MIAMI (CBSMiami) – The coronavirus pandemic has forced some major corporations to declare bankruptcy, yet many continue to operate.
Smaller businesses and people deep in debt have taken notice.
“They see huge companies that went bankrupt like Hertz, Neiman Marcus are still operating. They want to know how can I do that,” said attorney Patrick Cordero whose firm is known for bankruptcy work.
The economic forecast is bleak in the short term. People are out of work and there are more layoffs to come. Federal and state assistance is lacking and for some declaring bankruptcy may be one of their few options.
“Most people who have called me are normal people, individuals who are concerned with what will happen tomorrow.

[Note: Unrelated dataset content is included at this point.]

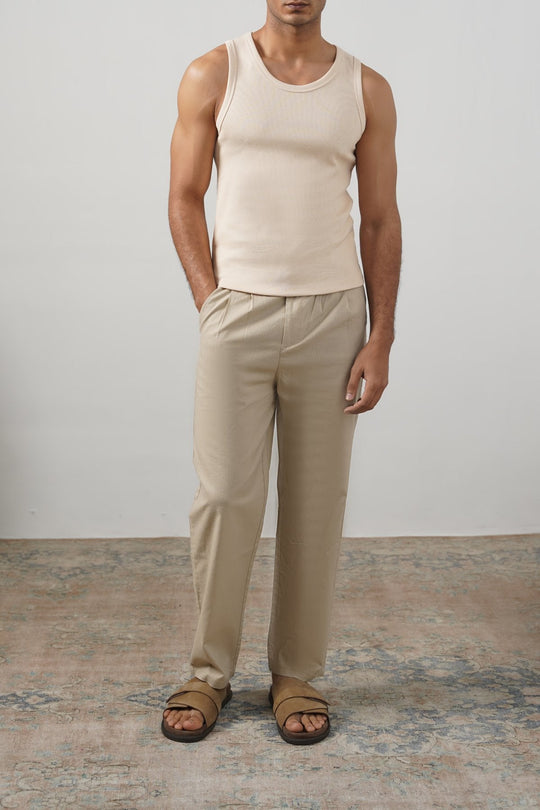 BEIGE RIBBED TANK TOP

They know they are behind on their mortgage, behind on credit card debt, two months behind on the car payment and they want to know what the can or cannot do,” said Cordero.

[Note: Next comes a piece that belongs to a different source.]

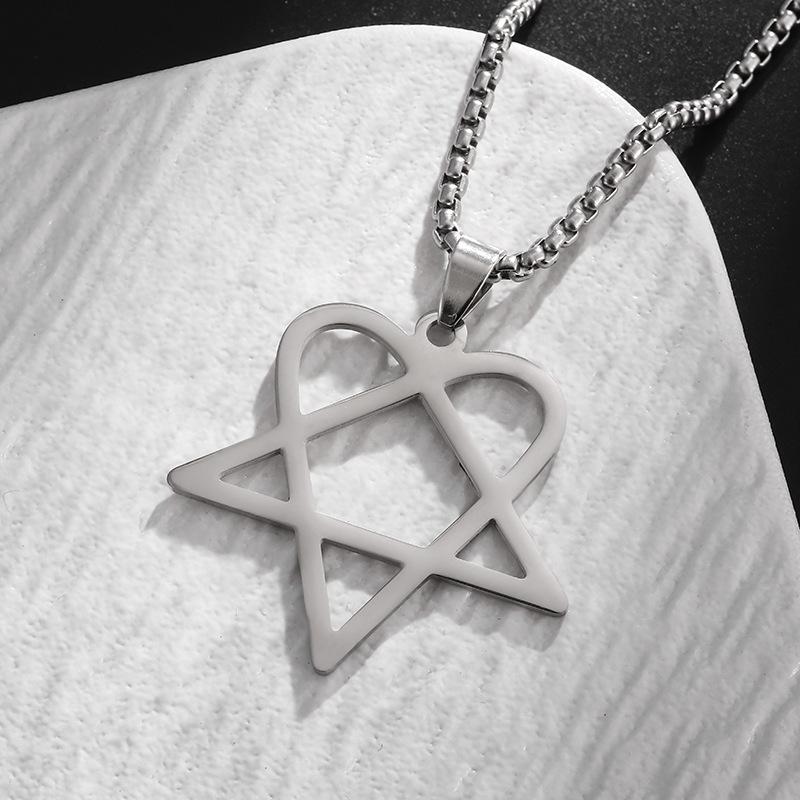 Wind Hollow Love Triangle Simple Plated Pendant Necklace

Various bankruptcy laws can provide for the reduction, or elimination of certain debts, and can provide a timeline for the repayments of debts over time.
“The good thing about bankruptcy is people can choose. You can modify, negotiate, or eliminate. You can get a plan to keep your home, payoff or lower car payments, eliminate credit card debt, and keep your business,” said Cordero.
Filing under Chapter 7 allows for a person’s assets to be liquidated and proceeds sent to creditors. Chapter 11 allows a business to continue to operate while debt is negotiated and Chapter 13 allows debtors to obtain a court-approved plan to pay off debts.
For those interested, be aware you’ll have to pay for an attorney which can cost $500 to $1,500 or more if it is a complicated case.
One caveat – a bankruptcy does not disappear from your credit score for seven years or more. However, banks and other lenders might take into consideration that the pandemic of 2020 created a unique set of economic circumstances.